# Question for you ladies



## Norm09 (Mar 30, 2008)

A bit bout me: I feel I'm confident, yet have low self esteem :scratchhead:

Wife cheated when we were dating w/taller, blonde, blue/green eyes, thin guy. 

While engaged, I believe strongly she had an emotional affair w/another taller, blonde blue eyed, thinner guy. 

Life goes on, yada...yada...yada, after 14 yrs of marriage I think I see the light. I'm 6', low fat mass, musclular, brwn eyes/hair, and dark(always tan, farmer).

A week where she only sees me, no sex.
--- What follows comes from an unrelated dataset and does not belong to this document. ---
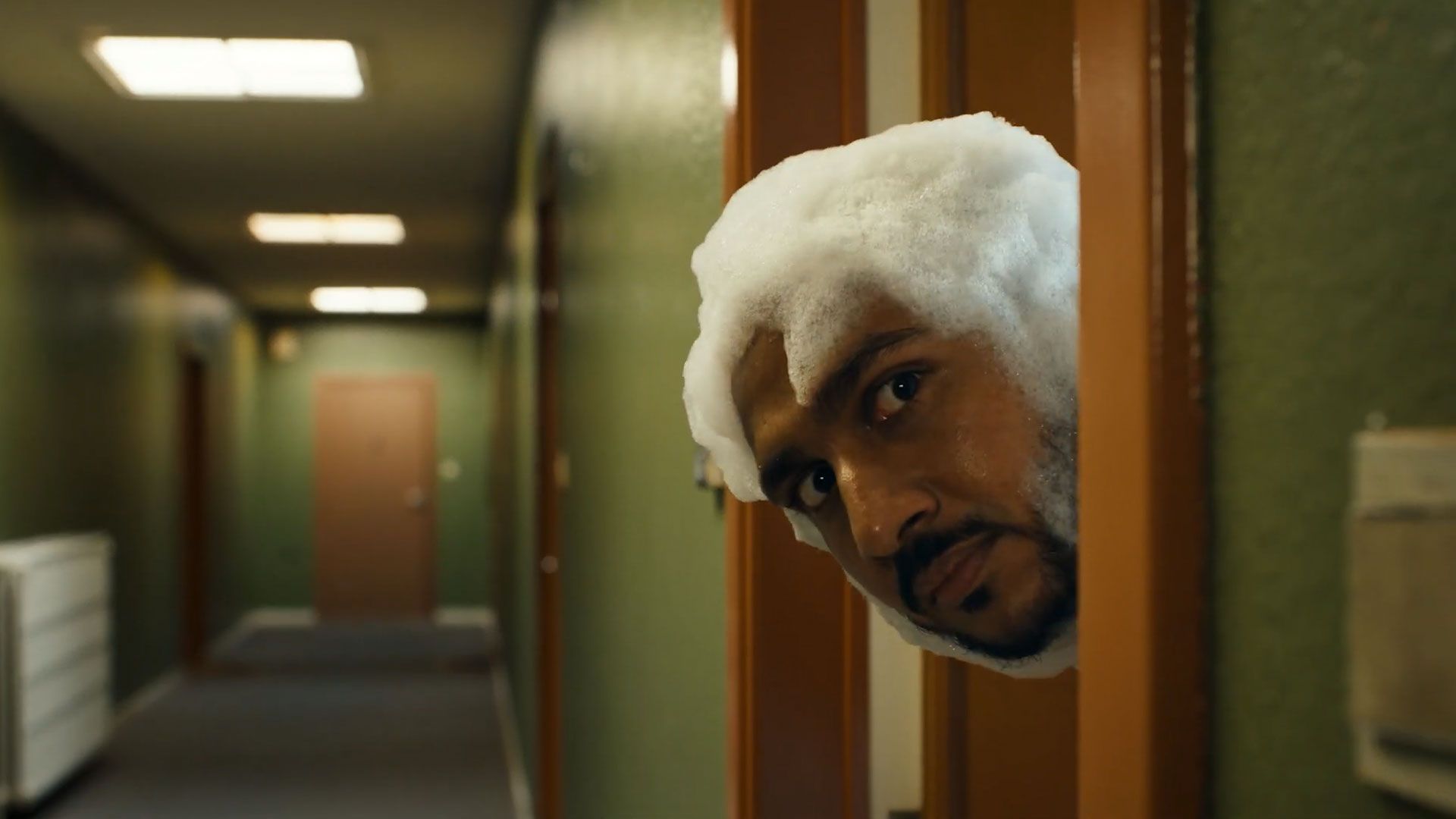 A person with a shaved beard and foam covering their head peeks through a slightly open doorway into a corridor with green walls and overhead lights.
When we are around other guys("her type") she is in the mood. 

Do I confront her about this "her type" make'n her "in the mood" or am I just an idiot think'n she wants/dreams of someone else?
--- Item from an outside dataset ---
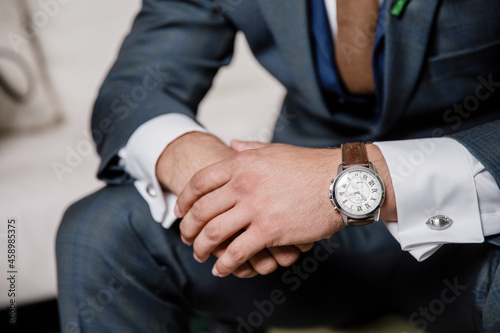 Grooms morning preparation Groom's in grey suit sitting with hand on hand Close up Confident groom holding hands together wearing a watch sitting on a chair resting his arms white background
It has happened many times, I kinda noticed a trend, but it may just be my low self esteem. 

Is this common w/women?

Thanks.


----------



## mollyL (Dec 31, 2007)

I can only speak for myself, but regarding your post: Did she really have affairs with all these guys or do you just think so? The answers I think have to be different depending on your answer.
If no is the answer: So your wife has a "type". We all have personal preferences. Your wife wants to make love? Isn't that what you want in the first place? Make love and best wishes to you.
If yes is the answer: Can you guys get over this, or is your hurt too deep? You think she even fantasizes about her "type", even when making love to you? Your hurt is extremely deep; if she can't help you mend things, maybe this isn't where you should be.


----------



## Kenya26 (Mar 31, 2008)

I wouldn't say common with women, more so common with people in general. You have been married for quite some time and longevity comes from keeping things fresh. It could be that when she sees someone that fits her "type" or arouses her fantasies, it puts her in the mood to make love. It probably isn't the greatest feeling in the world to feel that your spouse is envisioning someone else when making love to you, however; one thing that you do have going is that she is making love to you and not them. Fantasies are safe! As long as she does not act on those impulses I really dont feel a need for you to fret. If it really bothers you communication is the best policy. Speak to her about it and tell her what is on your heart.


----------



## BrokenFrag (Mar 25, 2008)

But fantasies, if they go unchecked can impact reality. Fantasies have no bad parts, but reality does. My wife fantasized about what life would be like if she weren't with me. Well, she fantasized about it enought, without ever talking to me about it, and she ended up having an emotional affair with a coworker. Our marriage will probably end because of it. No, she didn't have sex with, yes she had sex with me, but that became a problem for her in the end. She is in love with him, but she loves me. Now she is debating about whether or not she should find out if "in love" with him is more important (or appealing) to her than "loving" me. I never had a chance.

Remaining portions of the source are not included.